BEGIN The input

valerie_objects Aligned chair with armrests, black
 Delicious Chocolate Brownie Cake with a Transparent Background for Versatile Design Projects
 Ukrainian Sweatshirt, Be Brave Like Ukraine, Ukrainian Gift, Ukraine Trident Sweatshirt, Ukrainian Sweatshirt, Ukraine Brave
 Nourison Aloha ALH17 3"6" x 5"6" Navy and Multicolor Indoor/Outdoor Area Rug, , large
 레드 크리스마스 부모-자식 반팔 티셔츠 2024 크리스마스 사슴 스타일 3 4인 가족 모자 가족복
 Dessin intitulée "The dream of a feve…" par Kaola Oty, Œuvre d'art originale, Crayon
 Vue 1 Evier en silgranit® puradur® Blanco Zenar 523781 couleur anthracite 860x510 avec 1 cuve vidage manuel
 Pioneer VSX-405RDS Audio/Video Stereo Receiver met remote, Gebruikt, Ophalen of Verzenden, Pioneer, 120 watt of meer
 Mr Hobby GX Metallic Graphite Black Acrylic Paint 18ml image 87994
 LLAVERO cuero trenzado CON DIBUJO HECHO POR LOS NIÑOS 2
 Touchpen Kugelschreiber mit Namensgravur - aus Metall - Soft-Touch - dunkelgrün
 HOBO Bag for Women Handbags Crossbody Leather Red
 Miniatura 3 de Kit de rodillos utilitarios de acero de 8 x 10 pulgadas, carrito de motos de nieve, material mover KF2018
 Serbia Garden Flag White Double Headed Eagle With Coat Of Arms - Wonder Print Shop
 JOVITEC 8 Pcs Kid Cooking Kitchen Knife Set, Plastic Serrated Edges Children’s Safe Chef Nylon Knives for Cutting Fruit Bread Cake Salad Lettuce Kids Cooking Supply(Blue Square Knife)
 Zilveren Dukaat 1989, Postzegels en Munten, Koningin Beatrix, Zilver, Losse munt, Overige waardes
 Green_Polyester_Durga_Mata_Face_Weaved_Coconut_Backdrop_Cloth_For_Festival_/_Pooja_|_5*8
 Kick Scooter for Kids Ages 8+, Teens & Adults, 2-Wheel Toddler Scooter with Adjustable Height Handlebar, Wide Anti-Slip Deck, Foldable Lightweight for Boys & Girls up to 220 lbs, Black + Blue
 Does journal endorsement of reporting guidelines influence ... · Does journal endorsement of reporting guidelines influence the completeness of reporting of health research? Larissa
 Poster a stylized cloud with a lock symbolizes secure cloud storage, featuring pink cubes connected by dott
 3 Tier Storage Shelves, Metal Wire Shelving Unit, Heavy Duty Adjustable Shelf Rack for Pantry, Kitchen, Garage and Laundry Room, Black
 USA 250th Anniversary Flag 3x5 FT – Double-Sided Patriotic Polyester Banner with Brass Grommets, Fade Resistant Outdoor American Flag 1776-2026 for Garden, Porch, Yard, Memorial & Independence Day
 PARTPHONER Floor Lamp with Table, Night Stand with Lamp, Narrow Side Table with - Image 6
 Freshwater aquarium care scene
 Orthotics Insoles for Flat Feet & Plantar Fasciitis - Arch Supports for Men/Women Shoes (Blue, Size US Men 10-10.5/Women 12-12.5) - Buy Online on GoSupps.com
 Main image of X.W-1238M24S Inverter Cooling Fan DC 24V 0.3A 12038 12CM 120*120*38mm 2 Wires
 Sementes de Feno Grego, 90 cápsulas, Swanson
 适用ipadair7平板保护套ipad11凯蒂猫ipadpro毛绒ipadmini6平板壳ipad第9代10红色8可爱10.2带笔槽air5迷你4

END The input

- [Goal of the exercise] Please print the data above exactly as it appears.

- [Answer to the problem]
valerie_objects Aligned chair with armrests, black
 Delicious Chocolate Brownie Cake with a Transparent Background for Versatile Design Projects
 Ukrainian Sweatshirt, Be Brave Like Ukraine, Ukrainian Gift, Ukraine Trident Sweatshirt, Ukrainian Sweatshirt, Ukraine Brave
 Nourison Aloha ALH17 3"6" x 5"6" Navy and Multicolor Indoor/Outdoor Area Rug, , large
 레드 크리스마스 부모-자식 반팔 티셔츠 2024 크리스마스 사슴 스타일 3 4인 가족 모자 가족복
 Dessin intitulée "The dream of a feve…" par Kaola Oty, Œuvre d'art originale, Crayon
 Vue 1 Evier en silgranit® puradur® Blanco Zenar 523781 couleur anthracite 860x510 avec 1 cuve vidage manuel
 Pioneer VSX-405RDS Audio/Video Stereo Receiver met remote, Gebruikt, Ophalen of Verzenden, Pioneer, 120 watt of meer
 Mr Hobby GX Metallic Graphite Black Acrylic Paint 18ml image 87994
 LLAVERO cuero trenzado CON DIBUJO HECHO POR LOS NIÑOS 2
 Touchpen Kugelschreiber mit Namensgravur - aus Metall - Soft-Touch - dunkelgrün
 HOBO Bag for Women Handbags Crossbody Leather Red
 Miniatura 3 de Kit de rodillos utilitarios de acero de 8 x 10 pulgadas, carrito de motos de nieve, material mover KF2018
 Serbia Garden Flag White Double Headed Eagle With Coat Of Arms - Wonder Print Shop
 JOVITEC 8 Pcs Kid Cooking Kitchen Knife Set, Plastic Serrated Edges Children’s Safe Chef Nylon Knives for Cutting Fruit Bread Cake Salad Lettuce Kids Cooking Supply(Blue Square Knife)
 Zilveren Dukaat 1989, Postzegels en Munten, Koningin Beatrix, Zilver, Losse munt, Overige waardes
 Green_Polyester_Durga_Mata_Face_Weaved_Coconut_Backdrop_Cloth_For_Festival_/_Pooja_|_5*8
 Kick Scooter for Kids Ages 8+, Teens & Adults, 2-Wheel Toddler Scooter with Adjustable Height Handlebar, Wide Anti-Slip Deck, Foldable Lightweight for Boys & Girls up to 220 lbs, Black + Blue
 Does journal endorsement of reporting guidelines influence ... · Does journal endorsement of reporting guidelines influence the completeness of reporting of health research? Larissa
 Poster a stylized cloud with a lock symbolizes secure cloud storage, featuring pink cubes connected by dott
 3 Tier Storage Shelves, Metal Wire Shelving Unit, Heavy Duty Adjustable Shelf Rack for Pantry, Kitchen, Garage and Laundry Room, Black
 USA 250th Anniversary Flag 3x5 FT – Double-Sided Patriotic Polyester Banner with Brass Grommets, Fade Resistant Outdoor American Flag 1776-2026 for Garden, Porch, Yard, Memorial & Independence Day
 PARTPHONER Floor Lamp with Table, Night Stand with Lamp, Narrow Side Table with - Image 6
 Freshwater aquarium care scene
 Orthotics Insoles for Flat Feet & Plantar Fasciitis - Arch Supports for Men/Women Shoes (Blue, Size US Men 10-10.5/Women 12-12.5) - Buy Online on GoSupps.com
 Main image of X.W-1238M24S Inverter Cooling Fan DC 24V 0.3A 12038 12CM 120*120*38mm 2 Wires
 Sementes de Feno Grego, 90 cápsulas, Swanson
 适用ipadair7平板保护套ipad11凯蒂猫ipadpro毛绒ipadmini6平板壳ipad第9代10红色8可爱10.2带笔槽air5迷你4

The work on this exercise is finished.